Por Josep Mª Espelt. Consultor del Curso Diseño Racional y Optimización de Plantas Procesadoras de Alimentos.

Cualquier empresa moderna sabe que es imprescindible el análisis correcto de sus costes de producción si quiere sobrevivir en un mundo cada vez más globalizado y competitivo. Los costes directos, ya sean fijos o variables, están constantemente encima de la mesa para su valoración y toma de decisiones.

Pero los costes indirectos no resultan tan fáciles de cuantificar. Es complicado saber en qué concepto y en qué cantidad nos influyen en nuestra productividad. Un correcto diseño de las instalaciones será un aspecto clave en la facilidad y practicidad del trabajo diario, y en la comodidad y nivel de estrés del personal, además de la seguridad alimentaria desde el punto de vista higiénico. Esta misma dificultad en su cuantificación es la que en muchas ocasiones acaba suponiendo la diferencia entre un negocio rentable y uno no rentable.

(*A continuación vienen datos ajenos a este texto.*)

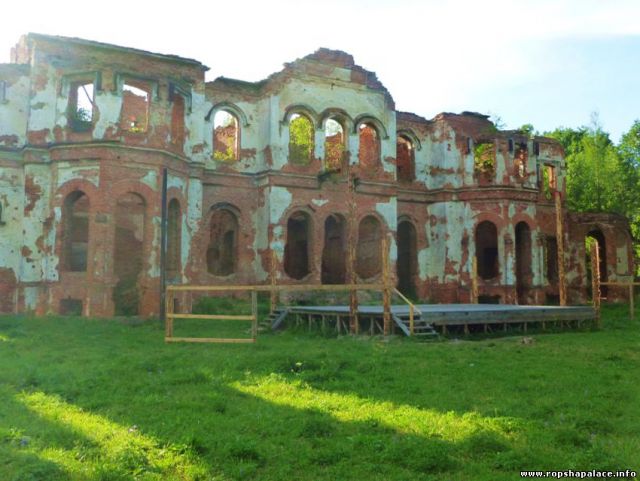 Развалины усадьбы в поселке Гостилицы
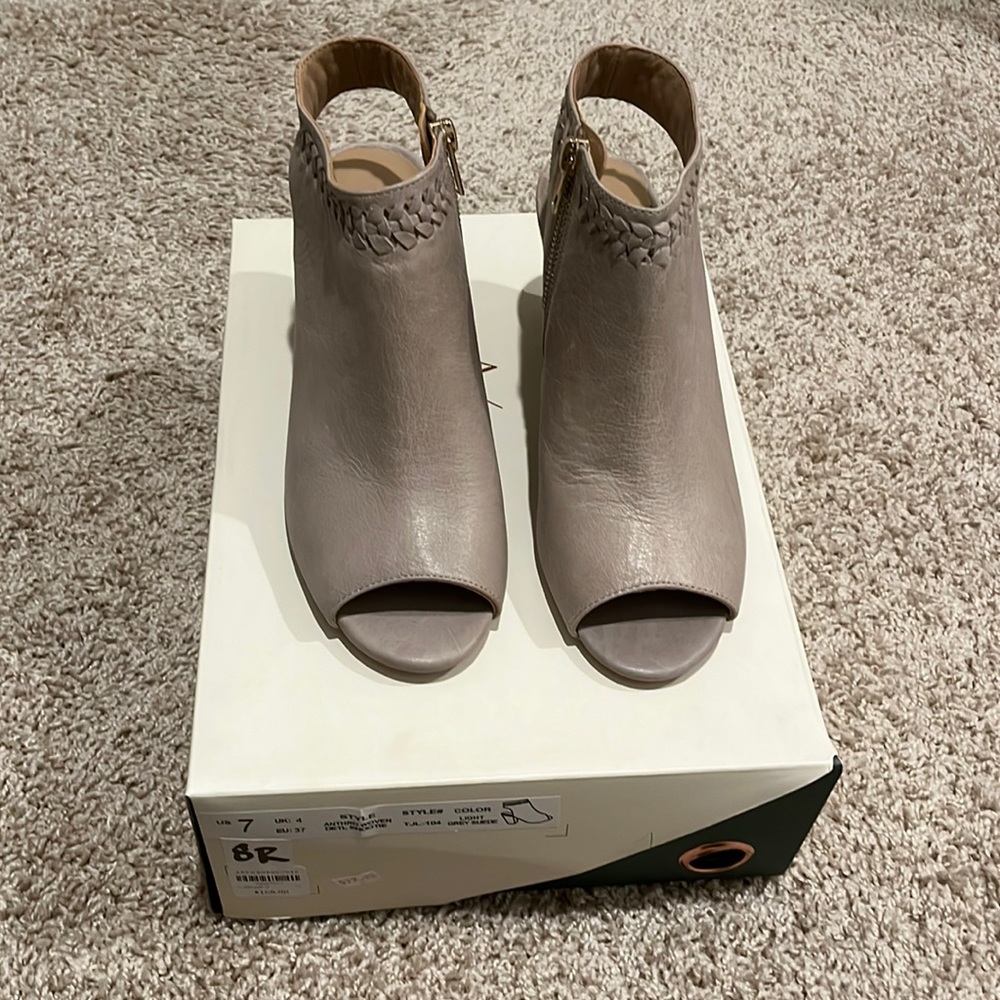 Light grey suede Size 7 Anthropologie heeled sandals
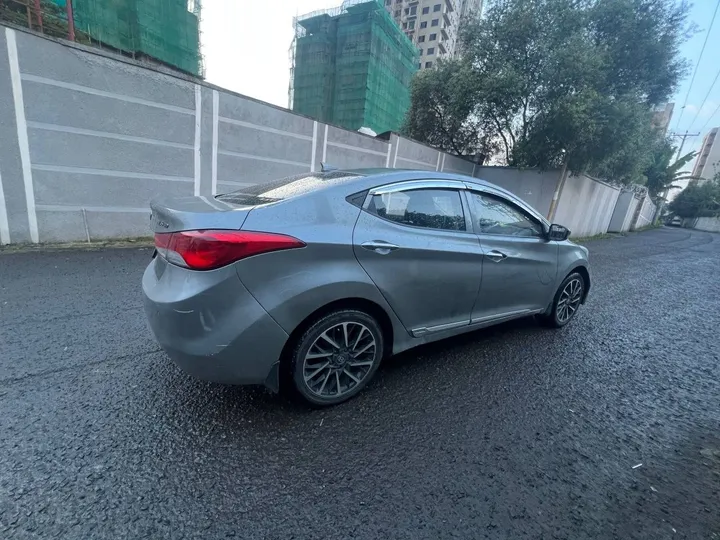 Hyundai Avante 2012 Automatic – photo 4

Grandes y consolidadas empresas obvian los temas de diseño, en muchas de sus facetas, por desconocimiento o por no poder visualizar claramente y de manera estructurada, los efectos de una acción determinada. Pero un diseño deficiente, acabará siendo un goteo de pérdidas tan imperceptible como constante.

En la actualidad, lo que más valora el consumidor de un producto es, básicamente, el precio y la calidad. El precio va muy ligado a los costes de producción. Por otro lado, la calidad va ligada a la eficiencia y la correcta gestión en el trabajo, objetivo inalcanzable si no es partiendo de un diseño eficiente y correctamente planificado.

Un diseño deficiente no nos permitirá nunca alcanzar objetivos competitivos de calidad, así como tampoco un producto higiénicamente seguro.

Para obtener unos resultados productivos excelentes se requiere una correcta combinación de los tres factores implicados: hombre, maquinaria y materiales. Todo ello con el soporte físico que sería básicamente el edificio donde se ubique la unidad productiva. En ella encontraremos la Máquina, evolución contemporánea de la “herramienta”, gracias a la cual y mediante la aportación-supervisión del factor Hombre, transformaremos una Materia Prima en un Producto terminado, adaptado a las exigencias de mercado que nos plantea el consumidor en la actualidad.

Un diseño de planta óptimo buscará la mejor combinación, distribución y facilidad en manejo de materiales entre los factores de producción -hombre, maquinaria y materiales- y el soporte físico –edificio-.